Open ravenscar opened 6 years ago

ravenscar commented 6 years ago

Summary

I would say that without Cognito implementing prompt=none on the /oauth2/authorize endpoint, and whilst the cognito cookie on <your_domain>.auth.<region>.amazoncognito.com/ expires after 60 minutes instead of 30 days (or what is set for the user pool) it is unsuitable to be used as an out-of-the-box solution for Single Page Applications.

Details

The recommended OAuth2 flow for a Single Page Application (SPA) is the Implicit Grant.
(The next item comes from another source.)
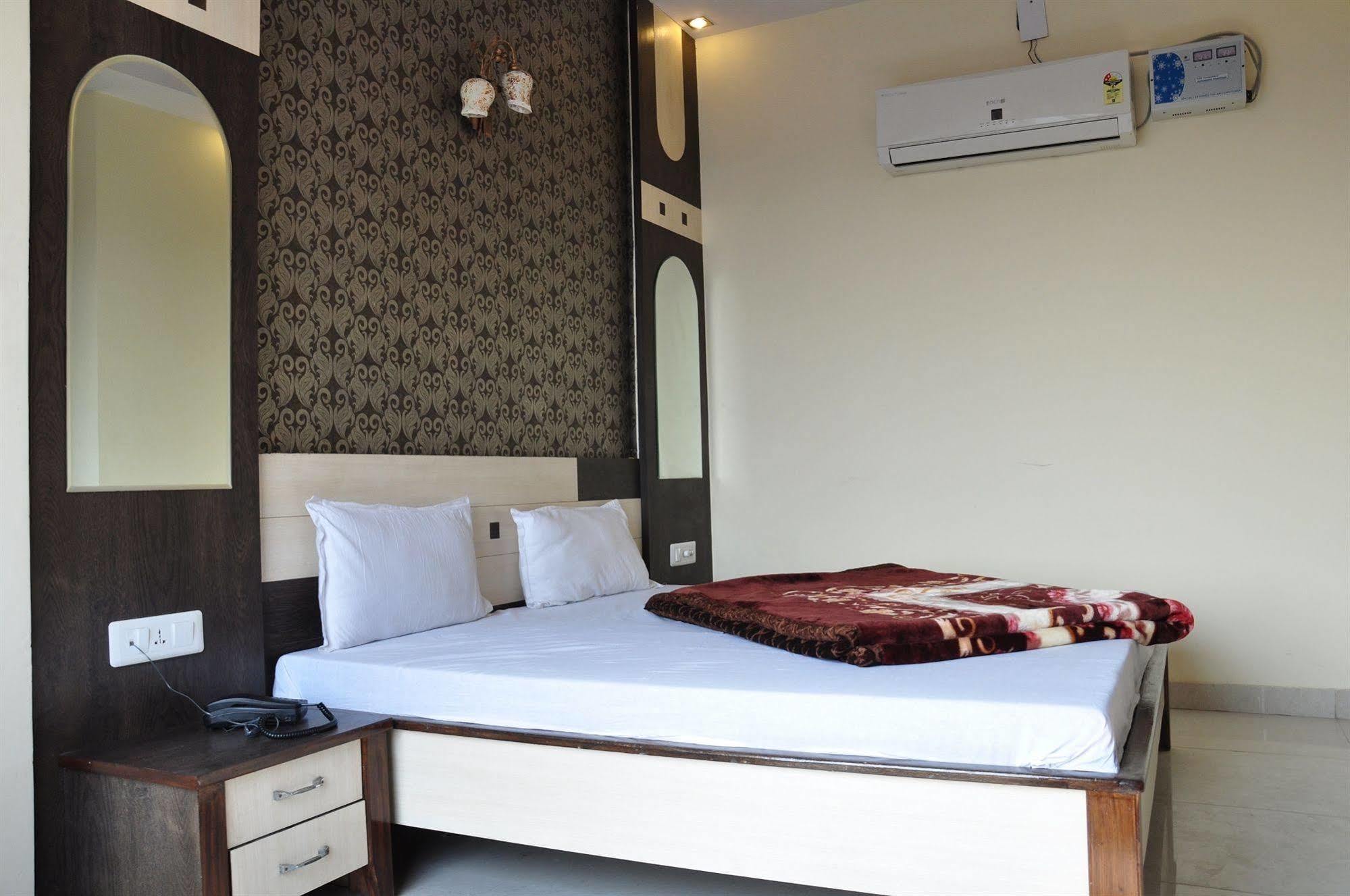 Hotel Robin Amritsar Zewnętrze zdjęcie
This flow, by design, does not issue a refresh token to the web app.

There are many issues in this project around refreshing tokens that seem to be resolved by switching to Authorization Code Grant instead, which is OK for some native apps and some non-SPA web apps (e.g. where there are round trips to a server) but is unsuitable for SPA apps.

It is considered unsafe and bad practice for a web application to store a refresh token in session storage, local storage, or in javascript accessible memory as this opens up the app to many attacks which could result in the refresh token being exposed to a malicious third party which is now able to obtain ID/API tokens for the user.

The OpenID Provider (OP) usually sets an http only secure cookie on user login, and this is used for refreshing in this case the OP is awscognito and the cookie would be set on <your_domain>.auth.<region>.amazoncognito.com/. Cognito does set this cookie.

The typical process for refreshing tokens in an SPA is to call the OP's authorize endpoint with a prompt=none in the query string. This would normally occur in an embedded iframe in the SPA so as to not alter the UI and would either return new tokens which can be stored or an error, which deletes the tokens.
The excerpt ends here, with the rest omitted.